▶ **Entries supplied**:

*** Block opens ***

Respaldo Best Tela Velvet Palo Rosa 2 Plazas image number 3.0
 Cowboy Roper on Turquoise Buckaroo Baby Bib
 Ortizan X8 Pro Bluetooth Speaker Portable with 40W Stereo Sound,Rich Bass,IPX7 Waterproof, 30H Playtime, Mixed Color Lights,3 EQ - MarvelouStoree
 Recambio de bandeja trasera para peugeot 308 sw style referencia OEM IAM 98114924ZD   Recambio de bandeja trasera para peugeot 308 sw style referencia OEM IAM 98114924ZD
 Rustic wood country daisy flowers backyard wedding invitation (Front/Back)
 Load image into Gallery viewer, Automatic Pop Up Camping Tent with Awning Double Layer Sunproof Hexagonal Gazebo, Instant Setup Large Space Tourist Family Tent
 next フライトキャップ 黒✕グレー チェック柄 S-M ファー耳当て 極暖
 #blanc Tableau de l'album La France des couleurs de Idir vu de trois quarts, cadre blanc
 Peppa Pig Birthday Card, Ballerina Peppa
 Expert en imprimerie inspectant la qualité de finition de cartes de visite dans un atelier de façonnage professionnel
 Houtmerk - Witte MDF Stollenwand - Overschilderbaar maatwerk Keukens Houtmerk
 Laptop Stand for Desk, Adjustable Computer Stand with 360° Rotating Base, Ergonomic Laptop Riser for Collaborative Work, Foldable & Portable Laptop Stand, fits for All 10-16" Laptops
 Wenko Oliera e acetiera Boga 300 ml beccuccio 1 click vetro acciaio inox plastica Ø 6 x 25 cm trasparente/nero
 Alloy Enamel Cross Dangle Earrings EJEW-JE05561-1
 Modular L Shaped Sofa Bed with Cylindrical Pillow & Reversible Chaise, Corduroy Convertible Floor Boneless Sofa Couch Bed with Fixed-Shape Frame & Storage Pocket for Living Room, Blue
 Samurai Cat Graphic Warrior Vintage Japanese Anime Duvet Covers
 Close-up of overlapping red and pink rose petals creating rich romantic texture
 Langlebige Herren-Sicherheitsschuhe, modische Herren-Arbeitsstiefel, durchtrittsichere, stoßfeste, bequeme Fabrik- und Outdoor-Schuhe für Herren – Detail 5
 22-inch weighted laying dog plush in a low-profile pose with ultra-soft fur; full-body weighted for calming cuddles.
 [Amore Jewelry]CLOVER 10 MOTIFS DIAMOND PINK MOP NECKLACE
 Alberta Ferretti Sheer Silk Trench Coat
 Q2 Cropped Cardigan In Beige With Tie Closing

*** Block closes ***

▶ **Try it**: Output the lines from the one with "Modular L Shaped" through the end of the records above, exactly, including both ends, and nothing besides.

▶ **Output for this exercise**:
 Modular L Shaped Sofa Bed with Cylindrical Pillow & Reversible Chaise, Corduroy Convertible Floor Boneless Sofa Couch Bed with Fixed-Shape Frame & Storage Pocket for Living Room, Blue
 Samurai Cat Graphic Warrior Vintage Japanese Anime Duvet Covers
 Close-up of overlapping red and pink rose petals creating rich romantic texture
 Langlebige Herren-Sicherheitsschuhe, modische Herren-Arbeitsstiefel, durchtrittsichere, stoßfeste, bequeme Fabrik- und Outdoor-Schuhe für Herren – Detail 5
 22-inch weighted laying dog plush in a low-profile pose with ultra-soft fur; full-body weighted for calming cuddles.
 [Amore Jewelry]CLOVER 10 MOTIFS DIAMOND PINK MOP NECKLACE
 Alberta Ferretti Sheer Silk Trench Coat
 Q2 Cropped Cardigan In Beige With Tie Closing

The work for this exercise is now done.